◆ GIVEN INFORMATION ◆
== Segment start ==

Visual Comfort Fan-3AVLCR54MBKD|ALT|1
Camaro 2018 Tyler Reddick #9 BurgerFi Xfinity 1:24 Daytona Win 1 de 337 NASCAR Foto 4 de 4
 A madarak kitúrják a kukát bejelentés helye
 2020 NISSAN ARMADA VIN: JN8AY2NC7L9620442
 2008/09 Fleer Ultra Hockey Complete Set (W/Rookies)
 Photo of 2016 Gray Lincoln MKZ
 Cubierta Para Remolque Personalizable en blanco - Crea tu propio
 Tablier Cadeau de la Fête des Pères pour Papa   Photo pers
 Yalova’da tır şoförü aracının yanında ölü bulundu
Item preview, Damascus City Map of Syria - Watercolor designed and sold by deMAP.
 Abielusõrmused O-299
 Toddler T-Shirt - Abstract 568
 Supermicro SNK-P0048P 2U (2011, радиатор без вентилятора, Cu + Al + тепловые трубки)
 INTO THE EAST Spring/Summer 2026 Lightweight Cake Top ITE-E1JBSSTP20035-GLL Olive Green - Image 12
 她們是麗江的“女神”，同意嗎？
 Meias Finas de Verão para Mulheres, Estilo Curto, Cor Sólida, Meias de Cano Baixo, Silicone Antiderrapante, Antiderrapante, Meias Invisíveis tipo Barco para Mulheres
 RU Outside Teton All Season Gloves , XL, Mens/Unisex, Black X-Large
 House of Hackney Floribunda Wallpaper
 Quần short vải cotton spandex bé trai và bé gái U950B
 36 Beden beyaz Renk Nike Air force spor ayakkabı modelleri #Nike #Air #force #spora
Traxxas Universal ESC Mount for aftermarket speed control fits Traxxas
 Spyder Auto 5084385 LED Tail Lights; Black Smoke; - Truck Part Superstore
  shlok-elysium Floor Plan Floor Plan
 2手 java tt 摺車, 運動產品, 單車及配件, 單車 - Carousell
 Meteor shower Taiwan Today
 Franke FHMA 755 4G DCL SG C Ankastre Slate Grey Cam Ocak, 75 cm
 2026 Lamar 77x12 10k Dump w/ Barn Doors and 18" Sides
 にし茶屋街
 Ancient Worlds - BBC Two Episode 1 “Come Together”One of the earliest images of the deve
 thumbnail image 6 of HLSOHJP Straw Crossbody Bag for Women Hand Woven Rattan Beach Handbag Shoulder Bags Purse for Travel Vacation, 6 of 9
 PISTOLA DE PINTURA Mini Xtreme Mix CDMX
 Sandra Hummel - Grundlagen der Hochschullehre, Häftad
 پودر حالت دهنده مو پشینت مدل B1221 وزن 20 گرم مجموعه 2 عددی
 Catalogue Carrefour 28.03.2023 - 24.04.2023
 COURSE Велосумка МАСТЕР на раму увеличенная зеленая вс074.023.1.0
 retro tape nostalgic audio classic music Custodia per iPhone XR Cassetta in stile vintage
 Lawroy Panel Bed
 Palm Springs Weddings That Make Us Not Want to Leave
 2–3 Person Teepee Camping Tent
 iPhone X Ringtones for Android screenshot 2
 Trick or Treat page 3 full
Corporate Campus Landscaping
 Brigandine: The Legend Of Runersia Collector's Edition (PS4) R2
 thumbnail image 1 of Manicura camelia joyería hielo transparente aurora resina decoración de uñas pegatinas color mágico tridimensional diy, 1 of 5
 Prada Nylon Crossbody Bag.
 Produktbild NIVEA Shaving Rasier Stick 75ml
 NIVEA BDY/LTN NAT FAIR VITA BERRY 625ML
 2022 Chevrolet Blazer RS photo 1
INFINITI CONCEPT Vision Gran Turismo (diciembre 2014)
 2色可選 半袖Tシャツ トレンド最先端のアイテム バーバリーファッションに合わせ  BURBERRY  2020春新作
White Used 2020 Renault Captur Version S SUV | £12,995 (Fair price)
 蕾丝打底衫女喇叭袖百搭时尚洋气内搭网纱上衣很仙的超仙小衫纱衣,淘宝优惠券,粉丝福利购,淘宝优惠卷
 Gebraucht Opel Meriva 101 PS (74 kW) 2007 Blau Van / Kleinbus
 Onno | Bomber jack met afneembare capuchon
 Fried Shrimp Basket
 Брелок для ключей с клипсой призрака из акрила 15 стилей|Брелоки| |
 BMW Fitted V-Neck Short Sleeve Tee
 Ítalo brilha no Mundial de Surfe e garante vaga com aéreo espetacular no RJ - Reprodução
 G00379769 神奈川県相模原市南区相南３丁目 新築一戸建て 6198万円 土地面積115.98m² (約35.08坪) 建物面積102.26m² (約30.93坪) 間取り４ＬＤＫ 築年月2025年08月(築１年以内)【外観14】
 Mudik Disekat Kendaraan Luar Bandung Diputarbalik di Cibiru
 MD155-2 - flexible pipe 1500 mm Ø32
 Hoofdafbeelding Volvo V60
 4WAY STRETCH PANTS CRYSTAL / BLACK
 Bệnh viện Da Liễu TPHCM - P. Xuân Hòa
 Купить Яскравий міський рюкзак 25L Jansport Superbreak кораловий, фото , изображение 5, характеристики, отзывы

== Segment end ==

◆ PROBLEM DETAILS ◆
Give the count of lines in the records that contain "iPhone", and no other text.

◆ EXERCISE ANSWER ◆
2